Taking corrective action for purposes of an agency protest, means that the Agency has chosen to re-evaluate proposals, re-enter discussions, or some other aspect of the source selection process.  Bidders are not always happy with the actual agency corrective action. However, the question becomes what legal avenues are available to the challenge it.Challenging GAO Agency Protest & Taking Corrective Action

Taking Corrective Action – The Rule

As a general rule, in negotiated procurements, federal contracting officers have broad discretion when taking corrective action where the agency determines that such action is necessary to ensure a fair and impartial competition. 

When challenging the government’s corrective action in a bid protest, one must understand that the government also has discretion in the area of corrective action when deciding the scope of proposal revisions.

  • There are circumstances where an agency may reasonably decide to limit revisions that offerors make to their proposals. 
  • Sometimes, taking corrective action could mean only having bidders in the competitive range subject to re-evaluation.

Tip: As a practical matter, you may want to watch for agency arguments that the amendment merely clarified the requirements.

Procedural Considerations

When you file your protest, a fast way for the Agency to remove the case from GAO’s jurisdiction is taking corrective action.  

  • GAO will then dismiss the case as academic.  
  • This may, or may not help your situation as the unsuccessful bidder.  

Oftentimes, government contractors will later find out that the corrective action did not address the original bid protest allegations. When there are multiple protests, and the Agency elects to take corrective action, contractors should keep watch for the underlying agency’s subsequent decision.

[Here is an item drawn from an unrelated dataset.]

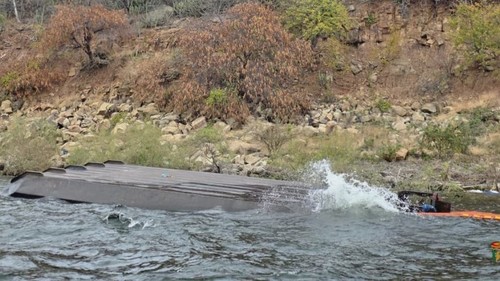 В Зимбабве при крушении парома погибли 72 человека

  • Oftentimes, another protestor’s allegations may force corrective action.
  • Watching to see if the agency actually addresses your original concerns is essential.

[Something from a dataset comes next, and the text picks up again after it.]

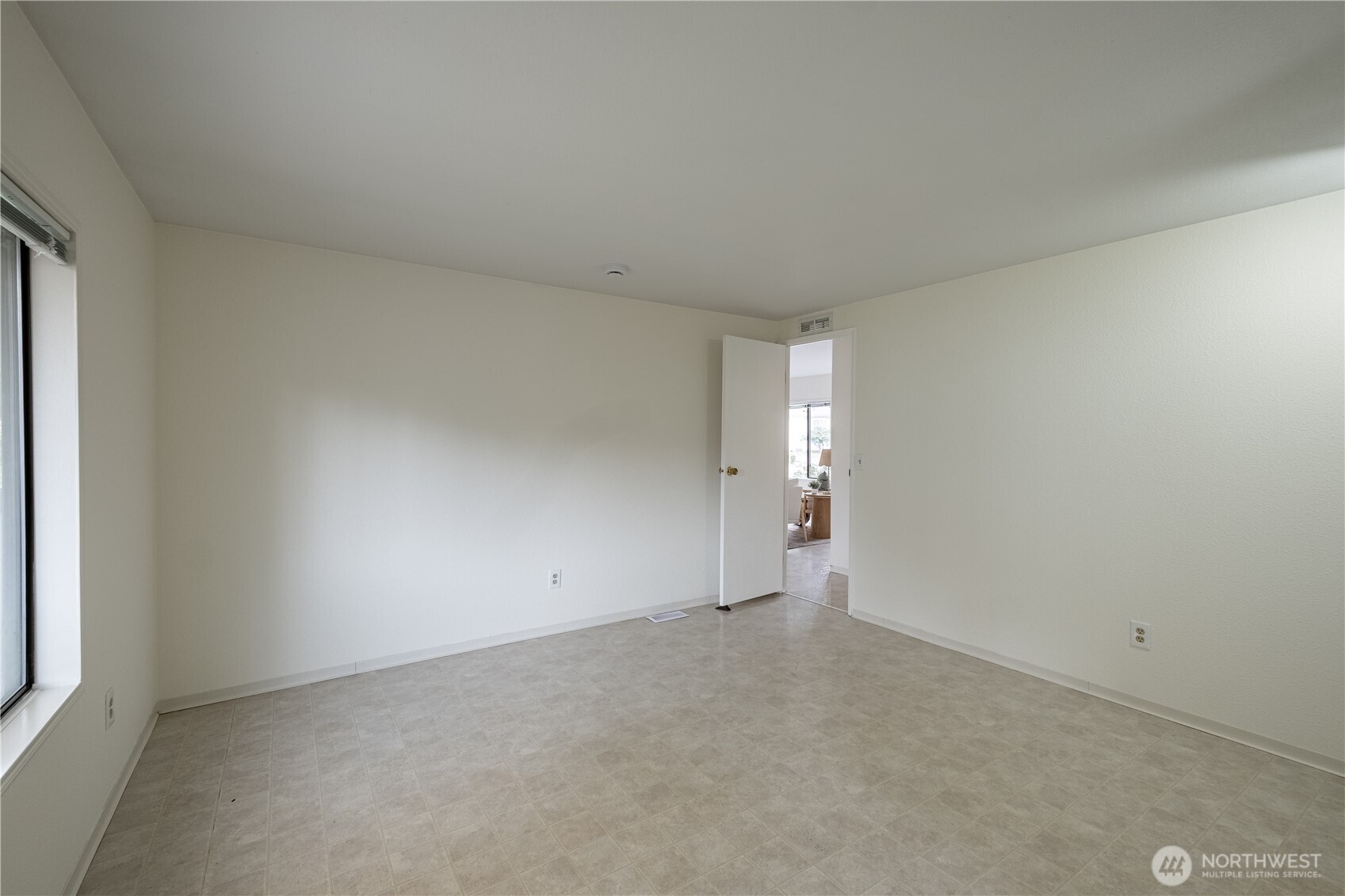 4958 Wheel Drive , Langley, WA 98260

Is the Agency Taking Corrective Action Legally Sufficient?

As a reminder, the Agency taking corrective action only has to be reasonable.  Insufficient agency actions can be present if the Agency ultimately still impacts your ability to compete on fair and equal footing.

The focus is now what the agency does afterwards. Many government contractors relax their position when they see agencies taking corrective action because they may not be familiar with relevant bid protest law.

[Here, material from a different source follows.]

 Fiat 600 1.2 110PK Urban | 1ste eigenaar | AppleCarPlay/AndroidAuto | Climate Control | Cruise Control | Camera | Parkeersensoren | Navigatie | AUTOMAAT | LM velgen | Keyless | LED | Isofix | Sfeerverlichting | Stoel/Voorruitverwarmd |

  • If the contracting agency takes an action that is not favorable to you, then you have to file a new protest.
  • You should not ask to reopen the old case. Instead, you have to file a new protest action.

Although the agency has broad discretion when taking corrective action, such discretion does not go unchecked. Especially when there were material changes to the solicitation requirement.

  • If the agency’s corrective action materially changes the terms of the solicitation, you should be given consideration to readjust your proposal.
  • When it comes to analyzing corrective actions in a GAO agency protest, the general rule is that offerors should be permitted to revise all aspects of their proposal, absent a reasonable basis proffered by the agency for limiting revisions.

After The Agency Takes Corrective Action, When Does GAO Step In? When challenging government’s  action in a GAO agency protest, GAO will not question an agency’s decision to restrict proposal revisions when it takes corrective action so long as it is reasonable in nature and it remedies the established or suspected procurement impropriety.

Is the solicitation change material? When challenging the agency’s corrective action,  materiality is an essential piece of your legal position. One key indicator is to see whether an agency amendment changes the previous source selection evaluation criteria.

GAO has ruled that the  FAR instructs that when an agency issues a new solicitation in response to a protest, the agency should provide to offerors in the competitive range from whom revised proposals are sought any  “[i]nformation provided to unsuccessful offerors in any debriefings conducted on the original award regarding the successful offeror’s proposal.” FAR sect. 15.507(b)(2), (c)(1).

Tip: When challenging the government’s corrective action in a bid protest, you should always make it clear that you would have revised your proposal if given the opportunity.

Tip: When attacking agency corrective action, your bid protest lawyer should show why the corrective action is unreasonable and does not remedy a specific procurement impropriety.

GAO  has ruled it be fundamental that where an agency materially changes the solicitation’s evaluation scheme, offerors must be given a reasonable opportunity to respond to the revised scheme; otherwise, the statutory requirement to notify offerors of the criteria upon which their offers will be evaluated is meaningless.